Task to carry out
After locating the line with "image for item" in the entries below, output it and each following line up to and including the line with "Segunda travesía de", exactly and without pictures.

::: Data provided

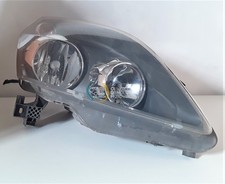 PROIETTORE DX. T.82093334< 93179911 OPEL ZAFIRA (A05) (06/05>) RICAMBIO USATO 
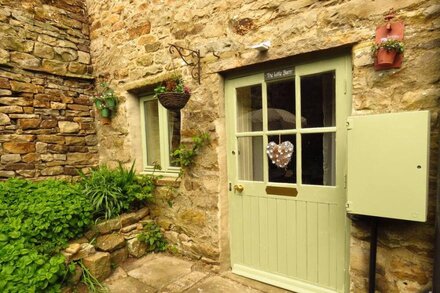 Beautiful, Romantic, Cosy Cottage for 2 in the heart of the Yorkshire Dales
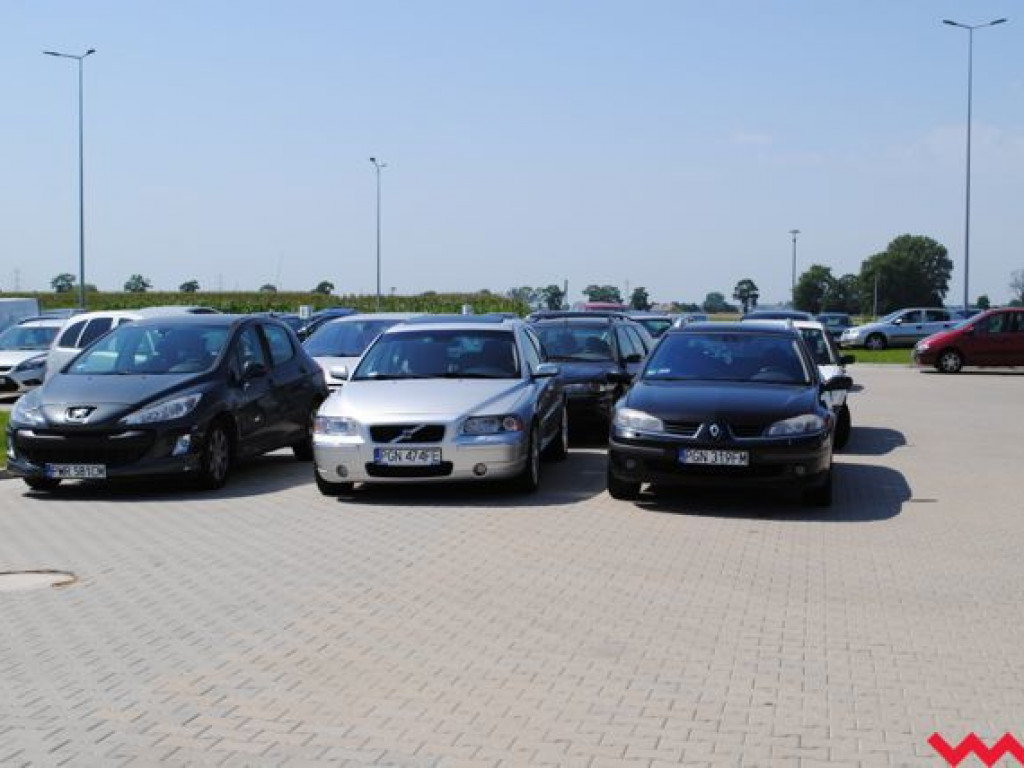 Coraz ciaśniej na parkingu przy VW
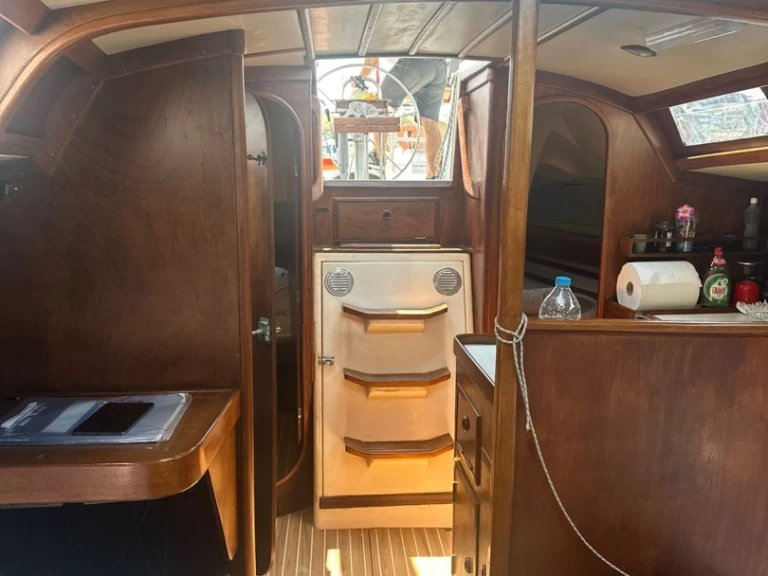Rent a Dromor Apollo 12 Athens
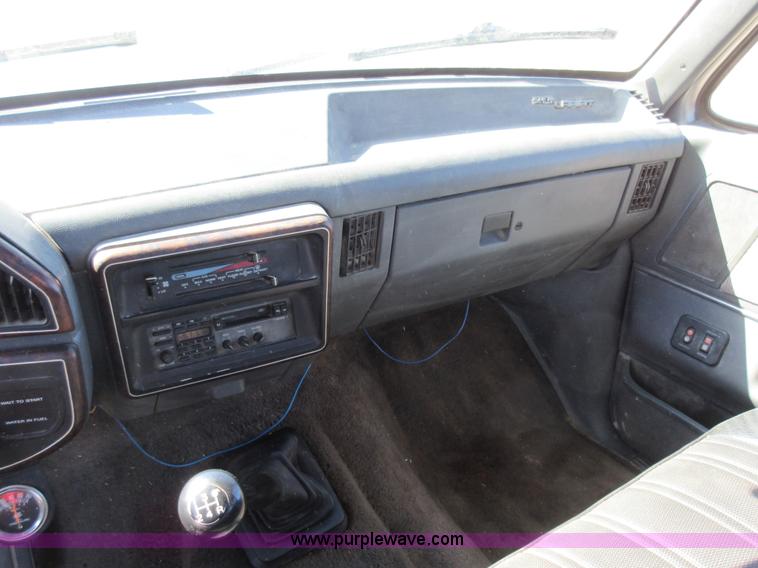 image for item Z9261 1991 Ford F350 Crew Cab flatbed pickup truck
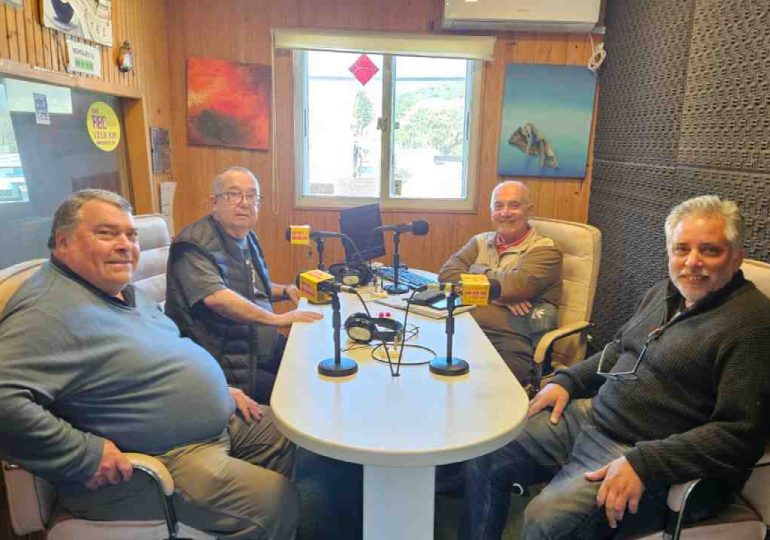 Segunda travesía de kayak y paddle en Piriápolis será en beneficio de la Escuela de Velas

::::::
::: Data provided

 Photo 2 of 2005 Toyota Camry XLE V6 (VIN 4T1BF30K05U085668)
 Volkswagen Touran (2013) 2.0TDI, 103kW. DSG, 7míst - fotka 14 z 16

::::::

Answer section
 image for item Z9261 1991 Ford F350 Crew Cab flatbed pickup truck
 Segunda travesía de kayak y paddle en Piriápolis será en beneficio de la Escuela de Velas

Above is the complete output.